Supplied material:

== Segment start ==

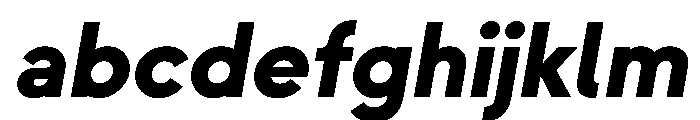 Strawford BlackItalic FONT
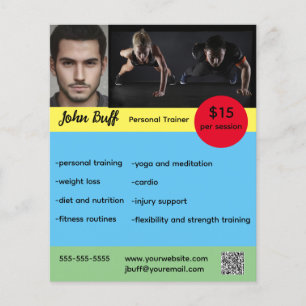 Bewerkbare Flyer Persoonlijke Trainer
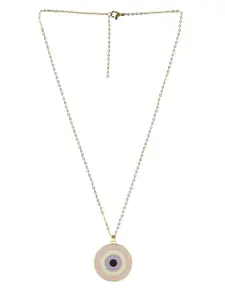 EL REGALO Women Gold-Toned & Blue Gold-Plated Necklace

== Segment end ==
== Segment start ==

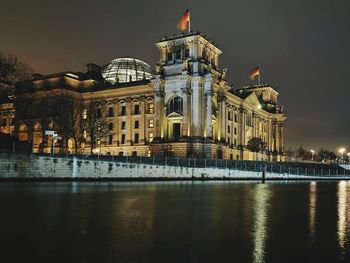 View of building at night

== Segment end ==

From the line containing "Strawford BlackItalic FONT" through the line containing "EL REGALO Women", copy every line above exactly, without pictures.

Result of this task:
 Strawford BlackItalic FONT
 Bewerkbare Flyer Persoonlijke Trainer
 EL REGALO Women Gold-Toned & Blue Gold-Plated Necklace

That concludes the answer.